= The problem =
All that is wanted is the exact lines from the first line of the data below through the line with "Lo straordinario paesaggio", both ends included, with pictures omitted.

= Data shown =
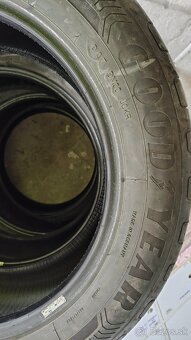 225/55 R17 letne Goodyear - 5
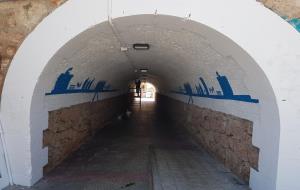 S’enllesteix l’adequació del pas subterrani per a vianants del carrer de l’Estació de Coma-ruga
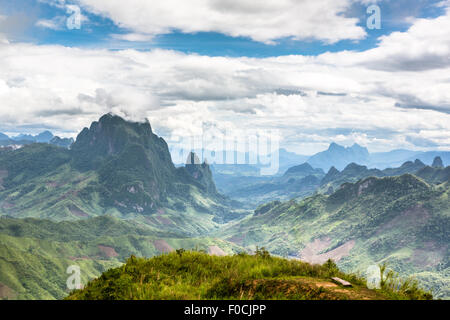 Lo straordinario paesaggio vicino alla città di Kasi nel nord del Laos, sul paese mian road da Luang Prabang a Vang Vieng e poi a Vi Foto Stock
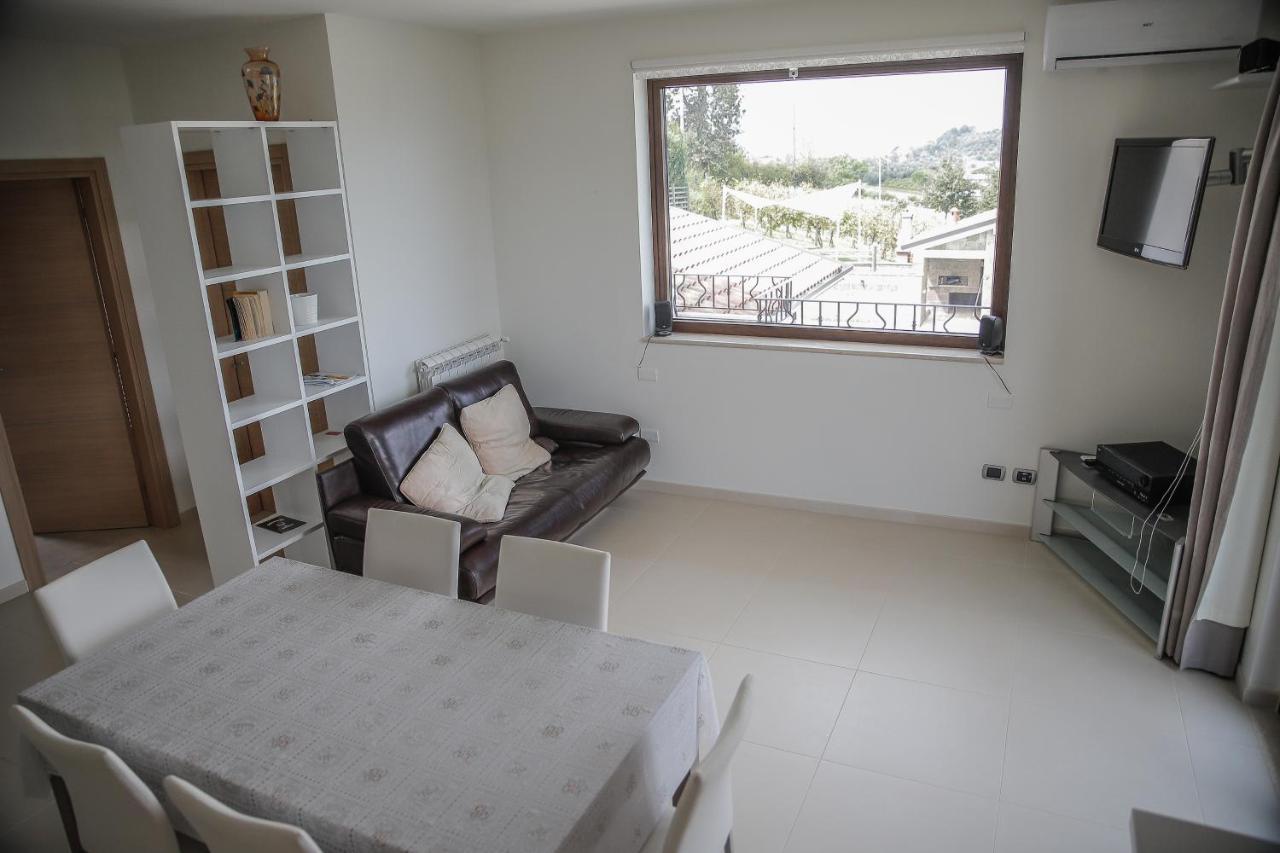Villa Santoro Ai Tre Ulivi Con Piscina Privata Caiazzo Eksteriør bilde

= Expected answer =
 225/55 R17 letne Goodyear - 5
 S’enllesteix l’adequació del pas subterrani per a vianants del carrer de l’Estació de Coma-ruga
 Lo straordinario paesaggio vicino alla città di Kasi nel nord del Laos, sul paese mian road da Luang Prabang a Vang Vieng e poi a Vi Foto Stock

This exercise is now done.